Breguet No. 4691, an important pocket watch that was previously unknown to the general public, has sold at the top of Sotheby's Important Watches sale, held on November 12 in Geneva.
A stunning timepiece, No. 4691 is one of only three similar examples, each of which features a host of complications, all housed in an extra slim case. It sold for $1.1m.
The watch was first sold to Lord Henry Seymour Conway (1805-1859) in 1831, for the enormous sum of 7,000 francs. The eccentric lord was the founder of the Jockey Club de Paris, a gathering of France's 19th century elite, and regularly socialised with European royalty.
The watch has passed through his family by descent, and has therefore avoided the public eye.

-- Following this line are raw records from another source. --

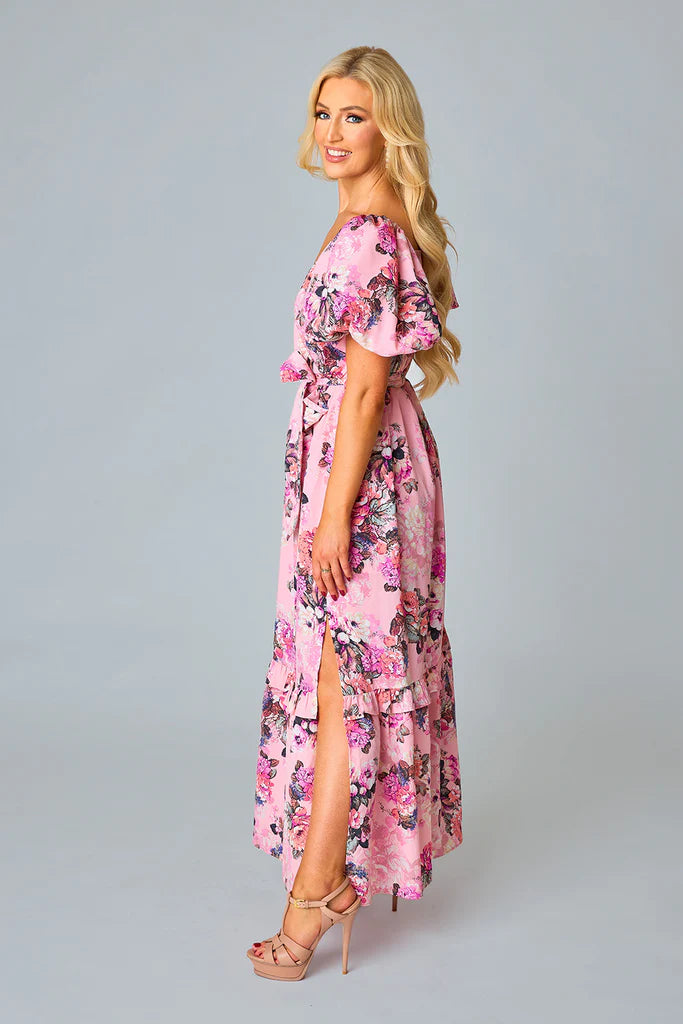 BuddyLove | SYDNEY PUFF SLEEVE MAXI DRESS - BASHFUL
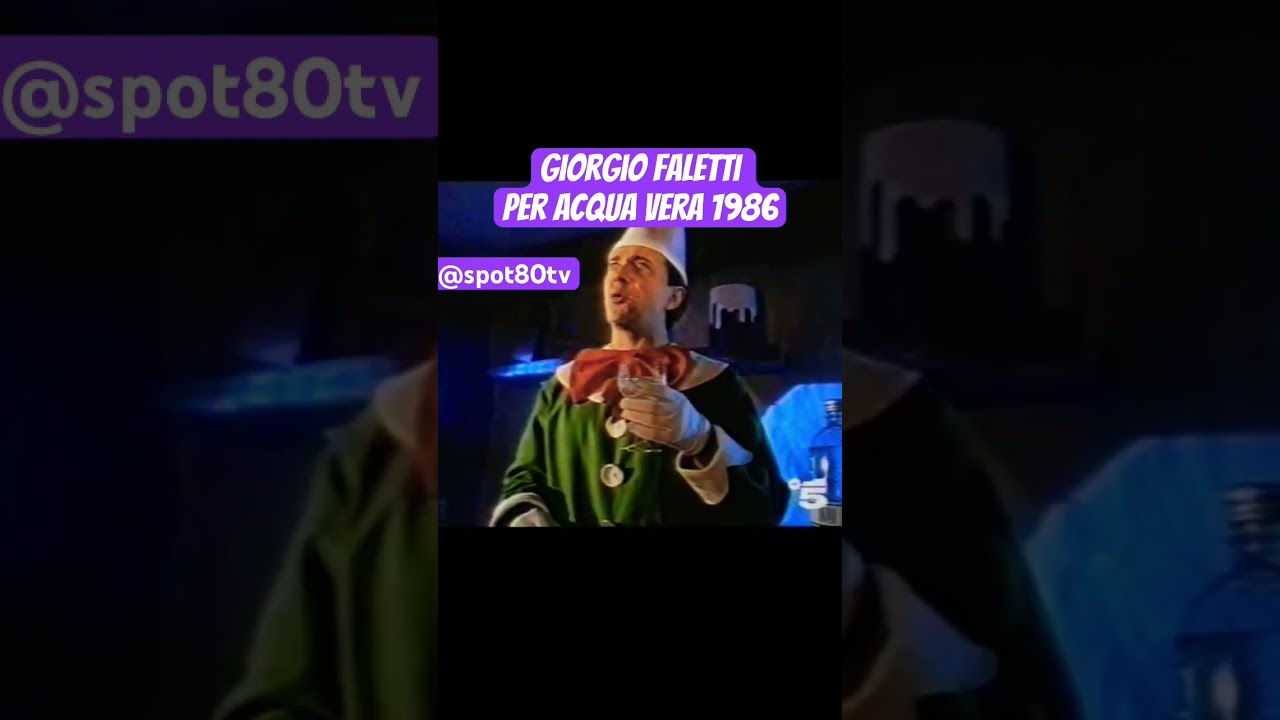 GIORGIO FALETTI per ACQUA VERA 1986 #spotanni80  #giorgiofaletti #spot80 #pubblicit&agrave;anni80 #anni80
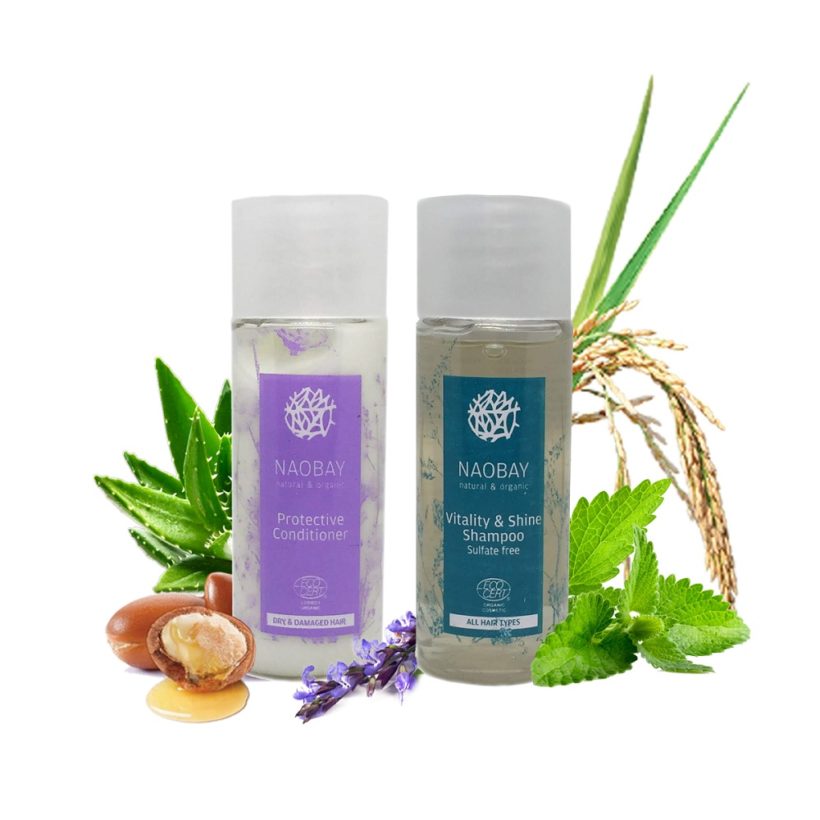 Dárkový balíček: šampón + kondicionér NAOBAY KrasnaNaMiru-cz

It was previously under the ownership of Conway's nephew, Sir Richard Wallace, a renowned collector and philanthropist, whose collection was donated to Britain by his widow Lady Wallace in 1897.
Its many complications include a quarter repeater, equation of time, power reserve indication, calendar and Moon phases.
The Seymour family crest, surrounded by the collar of the Order of the Garter surmounted by a royal crown, is included on the inner watchcase.
The sale totalled $11.8m. It followed Christie's three-session watch auction Geneva, which realised a record total of $43.9m, with records for Rolex and Patek Philippe.